Garlic ginger paste is easy to make at home. And it is way tastier than anything that comes in a jar. Seriously. If you are looking to turn up your Indian cooking you need to start making your own.
Garlic ginger paste speeds up Indian cooking
Indian cooking is not trivial. Not easy. Real work. Those incredible flavours don’t come for free. There’s a big difference between opening up a jar of pre-fab chicken tikka masala curry mix and making it yourself.
If you want to start getting serious about cooking Indian making garlic ginger paste from scratch is a good first step. It keeps in the fridge so you can pull it out when you need it. And you’ll need it a lot if you are cooking lots of Indian.
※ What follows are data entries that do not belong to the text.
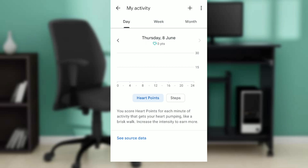So that's how you earn heart points and how you check them. Right below the date — Thursday, 8 June — where it says zero points, if you have points — say five, ten, or a hundred — the exact number of heart points you've scored will be displayed there instead of zero.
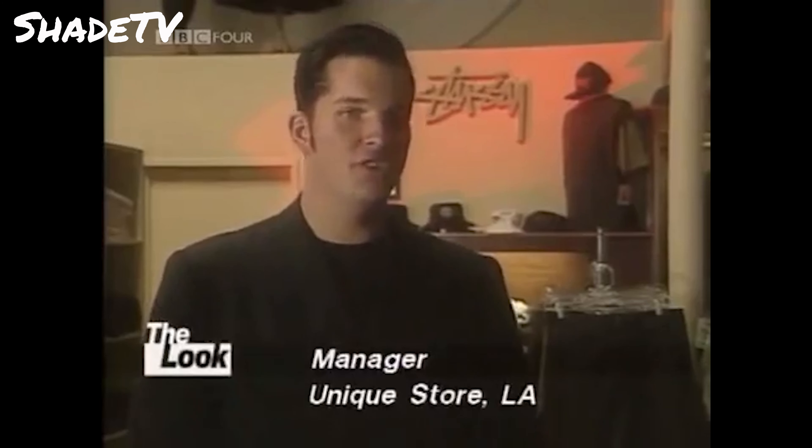Hello, and welcome to another unboxing. Today we're doing an unboxing of a collaboration done with Nike and Stussy.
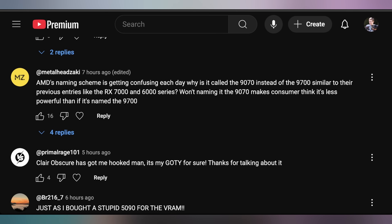Primal Rage said Clair Obscur has got them hooked and called it their game of the year. It's April 30th though — I'm not gonna be that quick to call it my game of the year. It's my favorite game thus far in 2025, and it's definitely scratching all the itches I wanted scratched. But there's still time for other games to come out. Although 2025 appears to be pretty sparse — GTA 6 doesn't really do much for me, there's no new Final Fantasy — so Clair Obscur might end up being my GOTY as well.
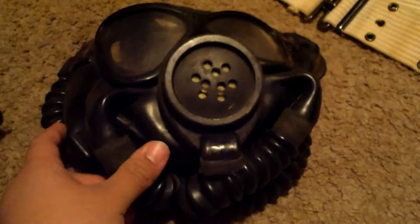What's up YouTube, coming at you again with another review. This is a review of my U.S. Navy diaphragm Mark IV.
Watch for it. There are lots of Indian recipes out there that have garlic and ginger as ingredients. Lots. Which means you need to crush a bunch of garlic and grate ginger. Every time.
That’s OK if you cook Indian once a month or less. But if you like Indian. If you cook it often. Then garlic ginger paste from scratch is something you need to make. I reach for it all the time.
Fresh garlic ginger paste is just better
You can buy garlic ginger paste. I used to do just that. Then I tried making it fresh. I couldn’t believe the difference. Like wow. That’s crazy better!
You can eat store bought paste. A big spoonful straight from the jar. When you make it yourself though. There’s no way you can eat it straight when you make it fresh. It will blow your head off if you try.
I threw out my jar of store-bought and have never used pre-fab since. And I never will again. Seriously. It’s that big a difference.
It’s easy and it keeps for weeks or even a couple months in a container in the fridge. It takes minutes to make. It makes all the difference in the world. There is nothing going for pre-fab except it is convenient. Bad. But convenient.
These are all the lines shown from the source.